→ **About this exercise**
Apart from the images, every record here needs to be copied exactly.

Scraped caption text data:
=== Section Start ===
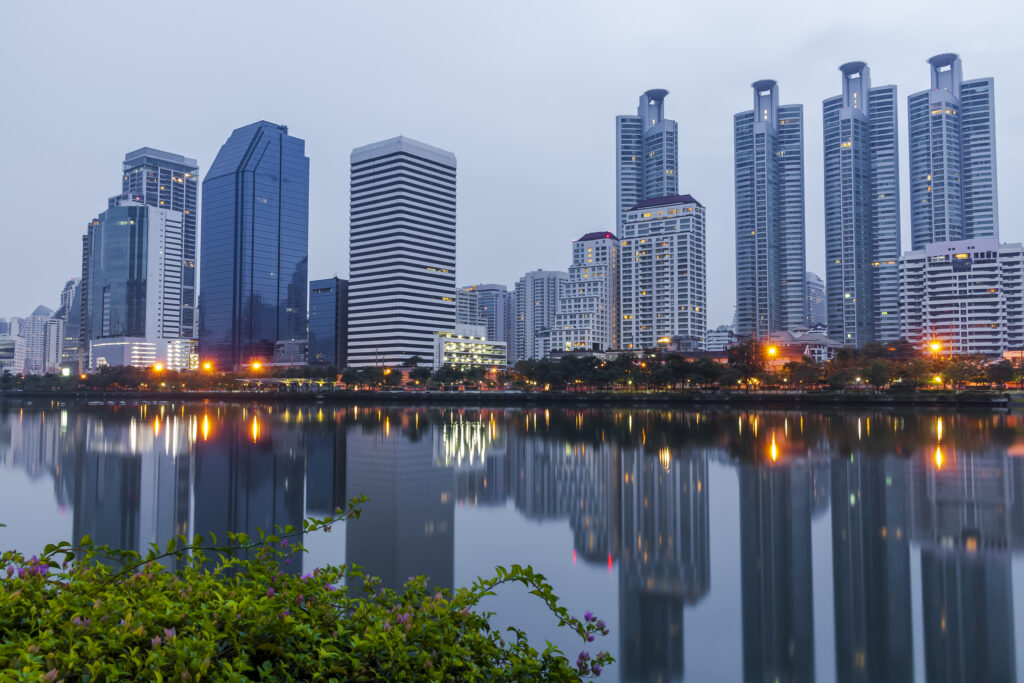 Modern office building or tower in Bangkok Thailand business center at twilight nature blue toned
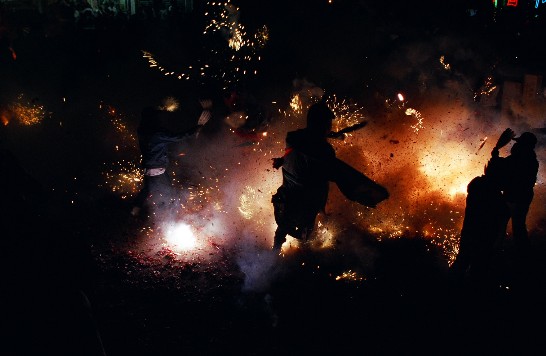 媽祖神轎出巡，漫天炮光，硝煙四溢。神童穿梭其中，祈福求安。（曾騰桂  拍攝）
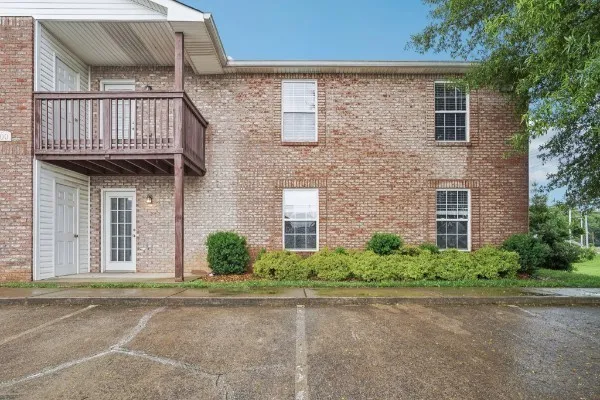 front view of a brick house with a street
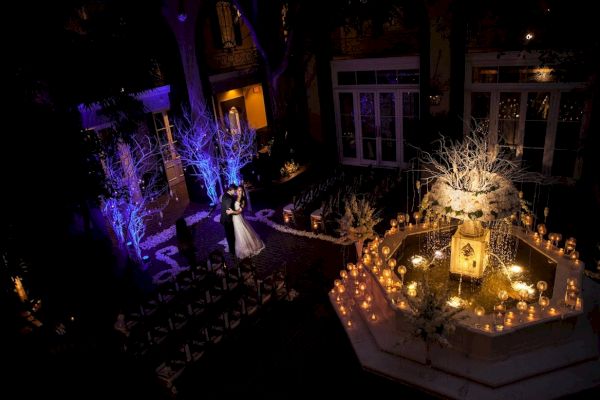 A couple dances in a beautifully lit outdoor venue with candles and a decorated fountain, creating a romantic atmosphere.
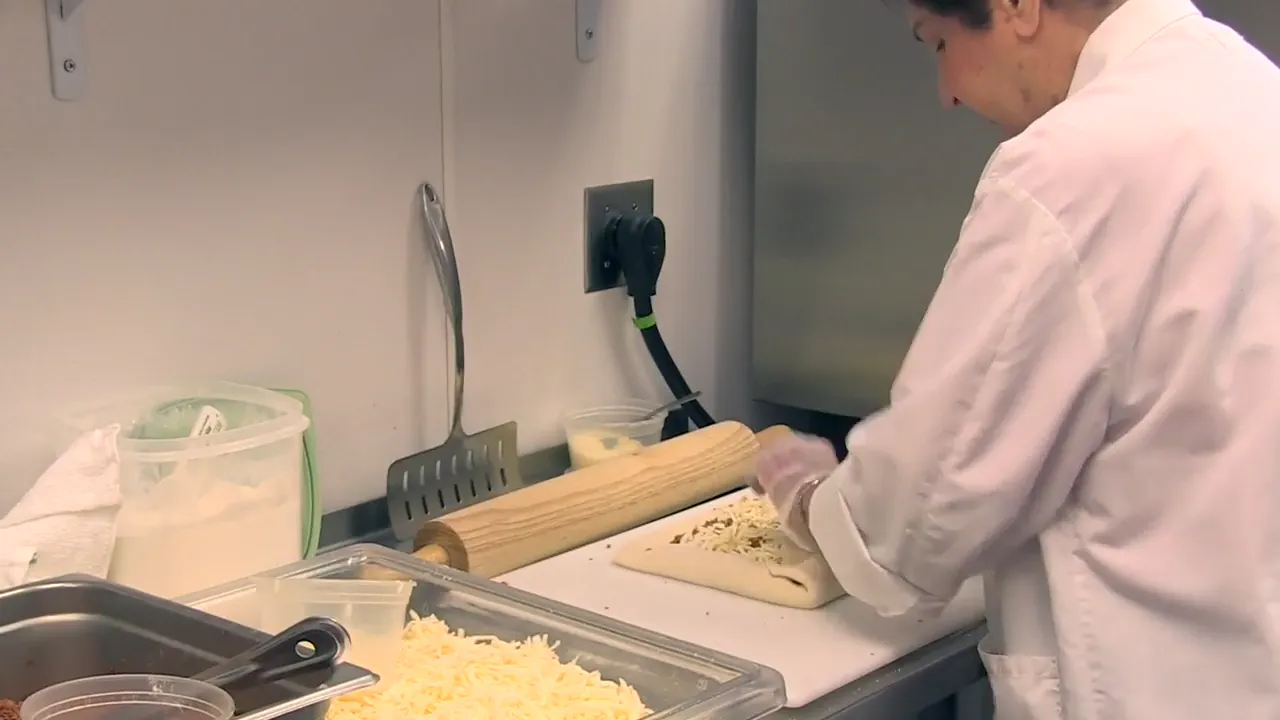 Sausage rolls being made by hand at Ricci’s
=== Section End ===
→ **Output of the exercise**
 Modern office building or tower in Bangkok Thailand business center at twilight nature blue toned
 媽祖神轎出巡，漫天炮光，硝煙四溢。神童穿梭其中，祈福求安。（曾騰桂  拍攝）
 front view of a brick house with a street
 A couple dances in a beautifully lit outdoor venue with candles and a decorated fountain, creating a romantic atmosphere.
 Sausage rolls being made by hand at Ricci’s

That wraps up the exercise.